Tis Election Season!

I know it seems redundant to say it is Election Season when it officially started six months ago but now is when the electorate, at least those who vote in primaries, really start to engage. Now is also when the endless TV and radio commercials begin. Also, the mail pieces start to hit in January. It can make a person want to scream sometimes! But please do not tune these things out.

What, you may ask, is the purpose of all this? Well, it is all part of the vetting process. The vetting process is the number one best way to pick good candidates, especially at the state and local levels. Sadly, most people never start to pay attention until thirty days before the general election when the candidates have been reduced to just one from each party. The primary candidate pool gives us real choice and that is when we are most needed to engage.

We need to change our thinking regarding election seasons. Instead of being annoyed by all the commercials and mail, we need to actually start keeping our eyes out for key phrases used that can tip us off to their real motives. The candidates running today are set in place so all we can do is pray for discernment as we closely monitor what they say and do.

However, to be proactive we need to start thinking ahead and begin recruiting today for the next election. Start by identifying men and women who would make great leaders at each level of government – local, county, state and federal. This is an ongoing undertaking in order to always have good principled candidates.

We must have candidates filled with honesty, integrity and uprightness of heart who possess the heart of a servant leader. Once these are identified and they express an interest in running for office then we need to dig a little deeper to find out their process for making decisions on issues of importance. What we look for are those who make decisions based on principles found in the Constitution and Bible. Finding out where they stand regarding education, budget/spending and growth of government can tell you whether they can be trusted to listen to their constituents and really make a difference or whether they are more interested in fitting in with the leadership.

There are a lot of candidates who profess to be Christian but once elected they do not vote according to their purported religious beliefs. These we can call campaign Christians. People pleasers make poor representatives at any level of government as do those who are out to advance themselves with more and more power. There are elected representatives in our state houses who are only there for the perks – retirement benefits, women, money, alcohol etc.

One of the reasons that Donald Trump is gaining so much traction is because people believe his wealth insulated him from being susceptible to being bought or influenced by special interests. We have learned the hard way that money buys influence and those representatives who can be tempted with money will be bought off regardless of campaign promises. So it is always good to follow the money and find out who is financially backing the candidate.

We are facing the most important election ever (I know this is overused but it really is true this time) and we must take the time and effort to engage during this process.
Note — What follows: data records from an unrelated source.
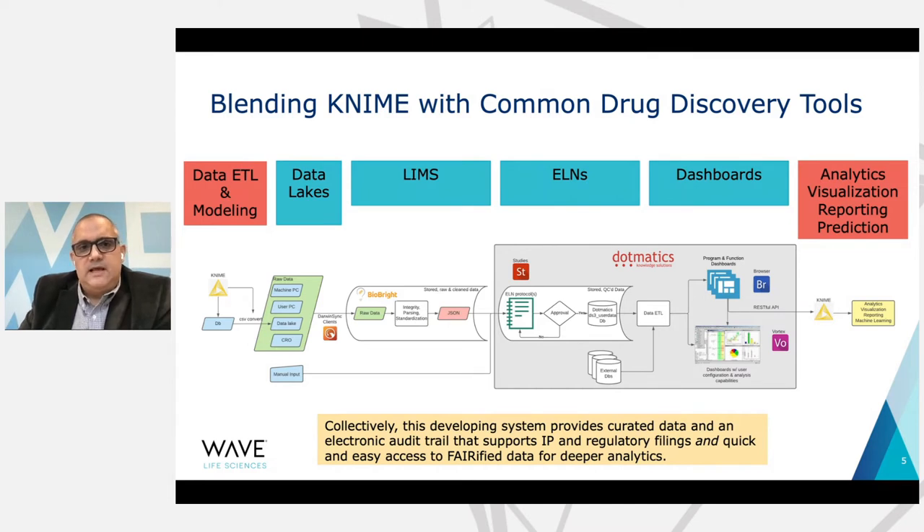That information needs to be cleaned up, and that's where a LIMS comes in — a Laboratory Information Management System. We use a cloud-based LIMS system doing some data ETL, cleanup, standardization, and parsing. The next step is the electronic lab notebook system, where data from the LIMS filters through and scientists review and in some cases approve that data for deposition into our core database — important for electronic audit trails and supporting intellectual property or regulatory filings. Downstream of that, you take all of this data and integrate it into data dashboards so scientists can combine their data with other data and generate big pictures for different program teams.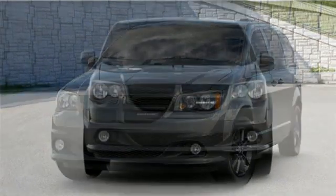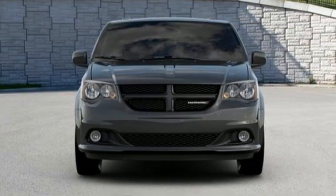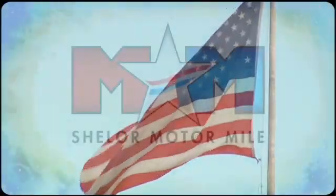Every Dodge delivers a signature thrill. See what it can do for you when you take it for a test drive. So come visit us on the Motor Mile, where you're always a name and never a number.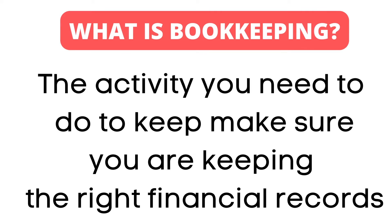First and foremost, for anyone that's not aware, what exactly is the definition of bookkeeping? Bookkeeping is simply the activity that you're going to be doing every week, every couple of weeks, every month to make sure that you're keeping the right records for the money that's moving in and out of your business.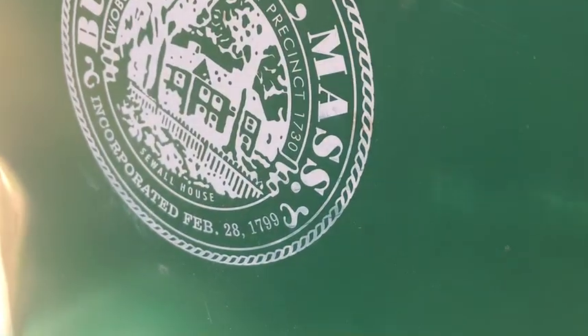Burlington has been around since about 1799. It used to be Woburn, but then they decided to make a different town — Burlington — where Woburn is a city.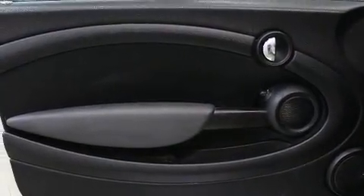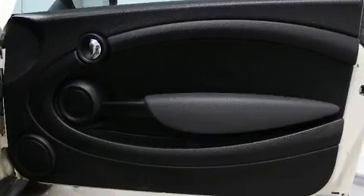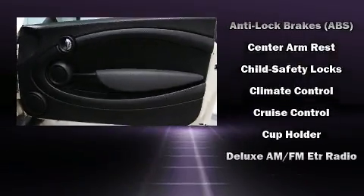Storage solutions are integrated throughout the interior, demonstrating thoughtful attention to detail. Premium sound drives six speakers, providing you and your passengers a sensational audio experience.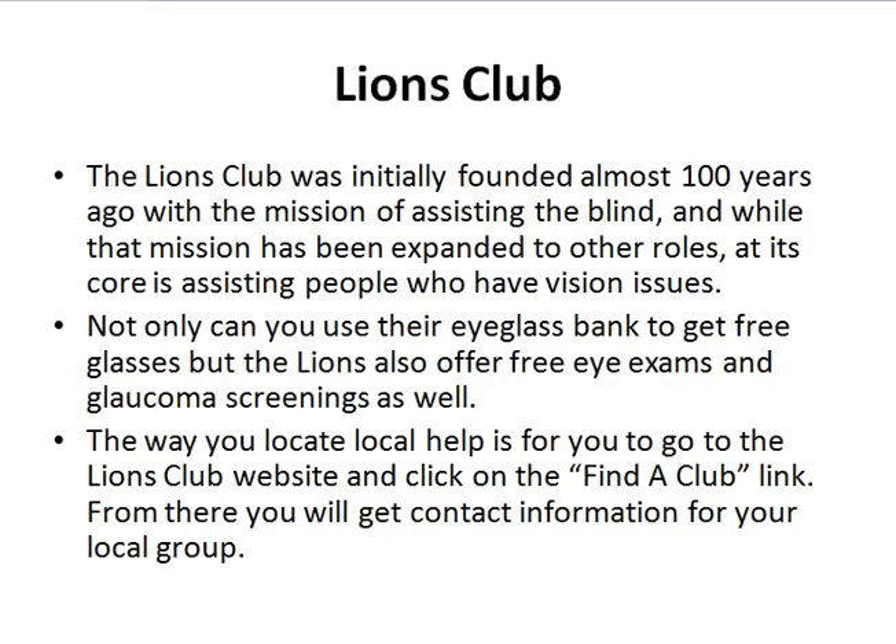The first thing I want to discuss is the Lions Club. The Lions Club is a service organization that's been around for over a hundred years. One of its primary missions is assisting those who are either blind or have vision issues. If you are looking for a free source of glasses or a free eye exam, go to the Lions Club website and click on the Find a Club link.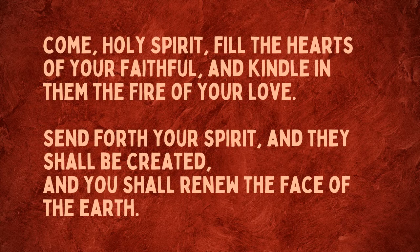Come, Holy Spirit, fill the hearts of your faithful and kindle in them the fire of your love. Send forth your spirit and they shall be created and you shall renew the face of the earth. Amen.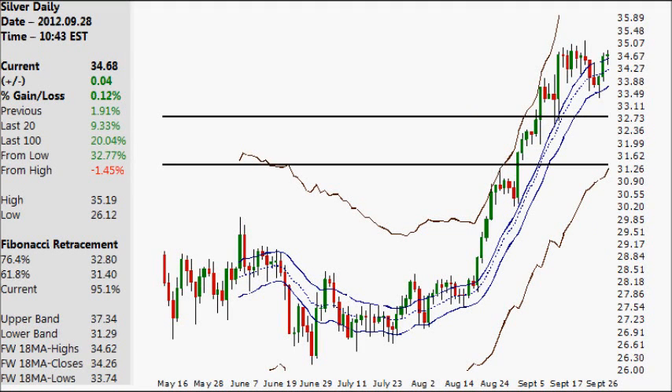Hello, it is the 28th of September 2012. It is a Friday. Let's take a look at the silver market — we'll start off with this daily chart.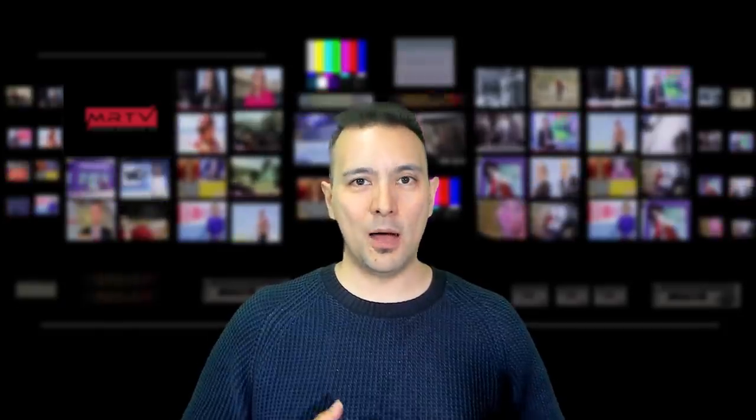We heard about the Pimax Vision Comfort Kit, a kit that will make the headsets more comfortable. It will be included with all new Pimax headsets, and the difference is it goes much higher up the forehead. It will be available starting November 1st and will retail for $49.95.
Just like Christmas decorations etc., the presidential election cycle starts earlier and earlier, last spring the first candidates started talking about running and announcing their intentions. This actually provides us plenty of time to do research on the backgrounds of those with the best chance of winning. All but three have voting records that reveal how true they are to conservative principles or if they can be easily manipulated.

My best advice is to do the research. The internet has made it so easy that we really have no excuse. We should pick the candidate for president that best reflects the ability to meet the need of the time and our values. And it just might be that the one we need is not the most spiritual.

Next Week: Continuation of the Election Season

Dinner Table Discussion Question(s): Reflect on times when you may have not voted because you didn’t like either choice. What was the end result of that decision? Discuss ways you and your family can research the candidates. One option might be to assign one candidate to each person, especially if you have teens. This is a good civics lesson.